US Congressman Gregory W. Meeks Demands Legal Justification For Strike on Alleged Drug Vessel in the Caribbean

NEW YORK, New York – United States Democratic Congressman, Gregory W. Meeks,  is demanding answers from the Trump administration for the legal justification following the US Armed Forces’ strike on an alleged drug vessel in the Caribbean Sea earlier this month.

meeksgeUnited States Democratic Congressman, Gregory W. Meeks“I am deeply concerned by the Trump administration’s shifting narratives, contradictory facts, and utter failure to provide a legal justification for this strike,” said Meeks, who represents New York’s 5th Congressional District in Queens.

The Ranking Member of the US House of Representatives’ Foreign Affairs Committee,  said it is “unacceptable” that, a week after the strike, members of the Foreign Affairs Committee have yet to be briefed by the administration on this use of force, despite the Committee’s clear jurisdiction.

Meeks, who formerly served as the chairman of the House Foreign Affairs Committee, said “we are a nation of laws, not of one man’s whims.

“Donald Trump does not have the authority to order strikes in international waters. Only Congress has the constitutional power to declare war or authorise military force. The administration must make its legal justification for these strikes clear, because this strike appears unlawful under both US and international law.”

Meeks said he also wants the Trump administration to provide Congress with the intelligence, including what immediate threat to the United States justified the extrajudicial killing of 11 individuals.

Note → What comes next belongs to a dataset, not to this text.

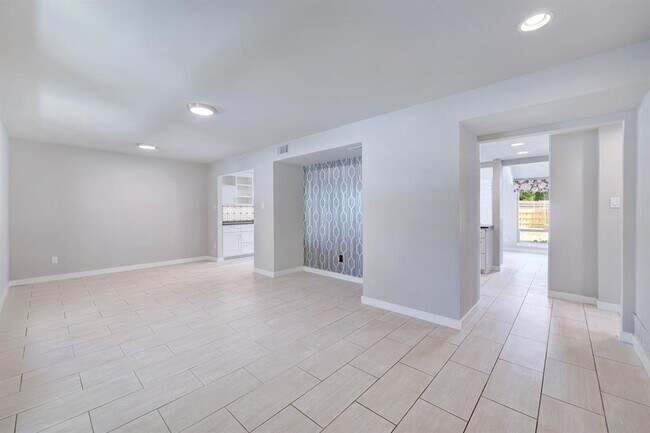 Building Photo - 10408 Doering Ln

“Unjustified unilateral actions like this emulate the behaviour of authoritarian leaders, such as Maduro (the Venezuelan leader), rather than counter them,” he said.

“The Trump administration’s credibility is already in tatters, from deporting people to foreign gulags based on false claims and cherry-picking intelligence that suits its political agenda, to now contradicting itself about where the boat was heading when it was struck,” Meeks said, adding “the American people deserve the truth.

“With both the United States and Venezuela taking further escalatory steps, it is time for Congress to reassert its congressional authority over matters of war and peace,” Meeks said.

The US legislator said that Trump should not be allowed to “unilaterally drag us into a war that we have not authorised.”

Last week, Trinidad and Tobago’s Prime Minister Kamla Persad Bissessar praised the US military strike on an alleged drug-carrying vessel in the southern Caribbean, which the White House said had killed 11 “narco-terrorists” who were part of the Tren de Aragua Venezuelan gang.

She said she had  “no sympathy for traffickers” and that the US military should “kill them all violently.

Colombian President Gustavo Petro has called on the Trinidad and Tobago government to search for the remains of the 11 men even as police here are yet to identify the two bodies which washed ashore over the weekend.

Petro has since taken to his X account, referencing reports of fishermen’s fears in Trinidad and that it was “extremely important” that the government search for the remains of what he said were civilian dead.